Give again, word for word, every line below from the one that has "Imagem de Kenney" through the one that has "Découvrez cette affiche", both included, and no others.

(Dataset excerpts)
========================
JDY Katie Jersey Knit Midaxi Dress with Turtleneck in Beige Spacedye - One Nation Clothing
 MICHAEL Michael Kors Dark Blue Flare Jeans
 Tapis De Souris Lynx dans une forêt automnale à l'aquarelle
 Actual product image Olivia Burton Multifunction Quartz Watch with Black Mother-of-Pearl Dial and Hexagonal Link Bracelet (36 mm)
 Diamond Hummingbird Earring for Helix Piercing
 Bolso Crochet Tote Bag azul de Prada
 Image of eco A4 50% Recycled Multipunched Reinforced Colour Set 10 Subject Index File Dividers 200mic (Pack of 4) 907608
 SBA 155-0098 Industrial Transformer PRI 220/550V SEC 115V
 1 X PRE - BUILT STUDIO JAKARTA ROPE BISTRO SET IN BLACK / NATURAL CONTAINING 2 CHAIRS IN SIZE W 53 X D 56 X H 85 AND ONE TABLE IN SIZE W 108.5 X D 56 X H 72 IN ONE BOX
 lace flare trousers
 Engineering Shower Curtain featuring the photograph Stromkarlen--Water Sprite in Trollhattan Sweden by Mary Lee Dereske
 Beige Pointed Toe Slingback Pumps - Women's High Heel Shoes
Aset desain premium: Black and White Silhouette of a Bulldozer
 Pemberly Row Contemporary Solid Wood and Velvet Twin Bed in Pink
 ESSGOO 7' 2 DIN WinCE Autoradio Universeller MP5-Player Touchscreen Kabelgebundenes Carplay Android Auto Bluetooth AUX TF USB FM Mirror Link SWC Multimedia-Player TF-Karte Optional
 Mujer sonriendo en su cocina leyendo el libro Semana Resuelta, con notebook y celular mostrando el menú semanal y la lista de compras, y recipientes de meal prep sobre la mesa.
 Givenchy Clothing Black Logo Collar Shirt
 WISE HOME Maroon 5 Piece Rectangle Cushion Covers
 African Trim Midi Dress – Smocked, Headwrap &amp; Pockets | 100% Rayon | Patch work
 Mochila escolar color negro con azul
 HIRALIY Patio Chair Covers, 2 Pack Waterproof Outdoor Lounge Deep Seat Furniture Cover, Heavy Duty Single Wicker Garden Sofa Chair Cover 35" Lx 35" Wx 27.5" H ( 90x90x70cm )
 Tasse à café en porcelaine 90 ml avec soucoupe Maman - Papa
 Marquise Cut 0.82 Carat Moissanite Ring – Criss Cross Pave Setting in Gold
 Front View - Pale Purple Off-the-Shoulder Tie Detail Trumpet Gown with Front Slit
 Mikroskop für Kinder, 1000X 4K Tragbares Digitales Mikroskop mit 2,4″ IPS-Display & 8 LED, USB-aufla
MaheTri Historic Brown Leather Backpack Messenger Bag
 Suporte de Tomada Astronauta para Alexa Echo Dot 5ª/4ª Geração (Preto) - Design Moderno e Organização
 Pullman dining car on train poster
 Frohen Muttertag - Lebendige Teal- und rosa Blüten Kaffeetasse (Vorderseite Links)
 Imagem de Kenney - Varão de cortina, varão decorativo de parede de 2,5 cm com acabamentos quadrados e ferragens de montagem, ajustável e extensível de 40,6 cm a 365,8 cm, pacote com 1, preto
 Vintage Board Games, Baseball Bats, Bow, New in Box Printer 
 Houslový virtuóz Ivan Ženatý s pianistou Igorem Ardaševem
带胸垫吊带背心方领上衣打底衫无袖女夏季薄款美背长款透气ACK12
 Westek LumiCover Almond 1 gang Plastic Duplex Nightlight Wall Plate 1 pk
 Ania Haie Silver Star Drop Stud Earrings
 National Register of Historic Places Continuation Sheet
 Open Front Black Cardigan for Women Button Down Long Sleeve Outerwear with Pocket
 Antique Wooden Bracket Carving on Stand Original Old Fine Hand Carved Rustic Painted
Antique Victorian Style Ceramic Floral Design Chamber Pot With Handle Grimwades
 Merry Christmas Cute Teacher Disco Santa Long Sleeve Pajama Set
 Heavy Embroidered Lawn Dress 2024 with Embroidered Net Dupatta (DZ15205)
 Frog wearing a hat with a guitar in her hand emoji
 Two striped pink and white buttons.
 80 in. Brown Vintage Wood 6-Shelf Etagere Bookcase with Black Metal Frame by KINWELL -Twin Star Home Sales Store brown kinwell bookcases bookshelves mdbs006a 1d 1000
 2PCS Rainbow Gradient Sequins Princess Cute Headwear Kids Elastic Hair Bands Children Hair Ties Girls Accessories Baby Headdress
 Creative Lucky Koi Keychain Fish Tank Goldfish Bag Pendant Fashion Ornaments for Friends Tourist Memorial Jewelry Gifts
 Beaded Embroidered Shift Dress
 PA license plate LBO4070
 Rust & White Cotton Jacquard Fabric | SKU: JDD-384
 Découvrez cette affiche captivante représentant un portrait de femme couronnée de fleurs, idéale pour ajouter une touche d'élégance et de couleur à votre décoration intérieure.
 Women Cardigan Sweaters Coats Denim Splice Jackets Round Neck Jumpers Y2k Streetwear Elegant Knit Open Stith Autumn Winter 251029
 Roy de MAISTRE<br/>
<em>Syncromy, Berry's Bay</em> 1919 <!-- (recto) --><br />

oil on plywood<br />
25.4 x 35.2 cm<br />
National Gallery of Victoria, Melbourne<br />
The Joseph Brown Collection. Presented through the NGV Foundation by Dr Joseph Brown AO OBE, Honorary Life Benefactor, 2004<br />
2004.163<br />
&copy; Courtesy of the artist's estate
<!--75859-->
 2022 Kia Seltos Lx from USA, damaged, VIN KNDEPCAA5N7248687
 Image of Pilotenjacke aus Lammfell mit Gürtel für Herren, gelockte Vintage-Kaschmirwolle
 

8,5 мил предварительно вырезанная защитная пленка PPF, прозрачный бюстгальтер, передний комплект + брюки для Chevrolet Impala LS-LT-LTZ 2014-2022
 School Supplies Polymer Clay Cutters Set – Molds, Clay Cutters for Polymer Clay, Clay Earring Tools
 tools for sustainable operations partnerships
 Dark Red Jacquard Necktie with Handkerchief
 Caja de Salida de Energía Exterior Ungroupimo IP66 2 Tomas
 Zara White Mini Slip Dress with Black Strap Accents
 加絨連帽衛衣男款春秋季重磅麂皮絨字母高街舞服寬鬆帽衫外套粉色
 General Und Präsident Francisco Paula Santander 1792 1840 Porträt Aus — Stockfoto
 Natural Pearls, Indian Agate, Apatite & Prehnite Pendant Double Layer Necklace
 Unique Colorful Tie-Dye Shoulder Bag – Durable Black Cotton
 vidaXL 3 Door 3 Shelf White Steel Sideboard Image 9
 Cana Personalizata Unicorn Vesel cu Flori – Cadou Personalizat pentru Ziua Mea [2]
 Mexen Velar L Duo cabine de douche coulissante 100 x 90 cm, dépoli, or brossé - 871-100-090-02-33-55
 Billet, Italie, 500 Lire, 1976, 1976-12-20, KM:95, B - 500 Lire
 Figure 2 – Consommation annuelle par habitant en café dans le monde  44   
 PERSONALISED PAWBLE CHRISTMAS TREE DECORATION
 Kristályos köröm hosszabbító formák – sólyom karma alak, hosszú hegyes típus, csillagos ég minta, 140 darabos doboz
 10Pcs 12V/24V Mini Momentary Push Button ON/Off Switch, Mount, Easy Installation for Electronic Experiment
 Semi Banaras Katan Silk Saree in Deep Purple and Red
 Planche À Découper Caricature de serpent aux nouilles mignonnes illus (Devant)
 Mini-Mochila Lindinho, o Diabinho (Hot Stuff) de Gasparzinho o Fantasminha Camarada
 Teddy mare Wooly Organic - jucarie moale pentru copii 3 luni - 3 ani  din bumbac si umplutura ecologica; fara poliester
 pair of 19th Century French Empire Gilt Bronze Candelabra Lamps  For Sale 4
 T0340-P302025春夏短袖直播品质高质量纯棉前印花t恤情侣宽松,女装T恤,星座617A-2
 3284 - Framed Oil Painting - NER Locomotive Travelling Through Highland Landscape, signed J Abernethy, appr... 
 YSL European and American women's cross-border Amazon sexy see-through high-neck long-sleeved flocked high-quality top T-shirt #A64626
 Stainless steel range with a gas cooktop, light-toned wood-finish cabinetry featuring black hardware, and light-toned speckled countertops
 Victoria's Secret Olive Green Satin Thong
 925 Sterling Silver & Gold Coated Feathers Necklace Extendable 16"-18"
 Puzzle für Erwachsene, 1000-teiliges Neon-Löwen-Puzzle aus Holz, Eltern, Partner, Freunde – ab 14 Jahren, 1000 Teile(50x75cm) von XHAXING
========================
Solved exercise
 Imagem de Kenney - Varão de cortina, varão decorativo de parede de 2,5 cm com acabamentos quadrados e ferragens de montagem, ajustável e extensível de 40,6 cm a 365,8 cm, pacote com 1, preto
 Vintage Board Games, Baseball Bats, Bow, New in Box Printer 
 Houslový virtuóz Ivan Ženatý s pianistou Igorem Ardaševem
带胸垫吊带背心方领上衣打底衫无袖女夏季薄款美背长款透气ACK12
 Westek LumiCover Almond 1 gang Plastic Duplex Nightlight Wall Plate 1 pk
 Ania Haie Silver Star Drop Stud Earrings
 National Register of Historic Places Continuation Sheet
 Open Front Black Cardigan for Women Button Down Long Sleeve Outerwear with Pocket
 Antique Wooden Bracket Carving on Stand Original Old Fine Hand Carved Rustic Painted
Antique Victorian Style Ceramic Floral Design Chamber Pot With Handle Grimwades
 Merry Christmas Cute Teacher Disco Santa Long Sleeve Pajama Set
 Heavy Embroidered Lawn Dress 2024 with Embroidered Net Dupatta (DZ15205)
 Frog wearing a hat with a guitar in her hand emoji
 Two striped pink and white buttons.
 80 in. Brown Vintage Wood 6-Shelf Etagere Bookcase with Black Metal Frame by KINWELL -Twin Star Home Sales Store brown kinwell bookcases bookshelves mdbs006a 1d 1000
 2PCS Rainbow Gradient Sequins Princess Cute Headwear Kids Elastic Hair Bands Children Hair Ties Girls Accessories Baby Headdress
 Creative Lucky Koi Keychain Fish Tank Goldfish Bag Pendant Fashion Ornaments for Friends Tourist Memorial Jewelry Gifts
 Beaded Embroidered Shift Dress
 PA license plate LBO4070
 Rust & White Cotton Jacquard Fabric | SKU: JDD-384
 Découvrez cette affiche captivante représentant un portrait de femme couronnée de fleurs, idéale pour ajouter une touche d'élégance et de couleur à votre décoration intérieure.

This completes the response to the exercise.